Let's say, most of the development or testing is done on a developer's laptop. The software may work as expected on the laptop but when deployed on the server the software fails. This could be because the server is using different versions of libraries, has a different configuration or interfaces differently to other components of the system. Containerization solves this problem by providing a consistent and isolated runtime environment regardless of the underlying OS or hardware infrastructure.

For developers, what this means is that we're no longer deploying just the application software but deploying container images that contain the app along with its dependencies.

Discussion

  • What's a container and what's in it?
    Understand containers by contrasting them against VMs.
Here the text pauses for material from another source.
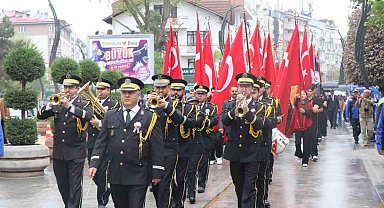 'Bolu'nun Babası' İzzet Baysal törenle anıldı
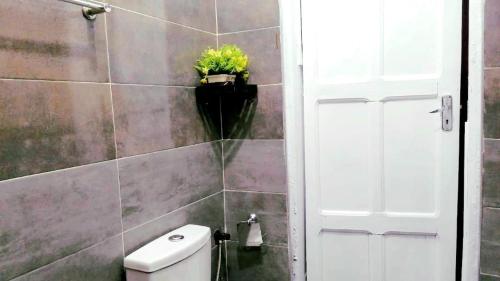 1 Bed House Private Compound with Off Road Parking in Abelemkpe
Source: Janetakis 2017.

    Containers consists of the runtime environment: an application, dependencies, libraries, binaries, and configuration files needed to run an application, bundled into one package. By containerizing the application platform and its dependencies, differences in OS distributions and underlying infrastructure are abstracted.

    Essentially, a container includes the application and all of its dependencies. It shares the OS kernel with other containers. It's not tied to a specific infrastructure: it only needs Docker Engine (or equivalent) installed on host. Thus, containers isolate the application process in user space on the host OS from other application processes.

  • What are the benefits of containers?
    Results of a survey on the benefits of containerization. Source: Coggin 2015.
    Results of a survey on the benefits of containerization. Source: Coggin 2015.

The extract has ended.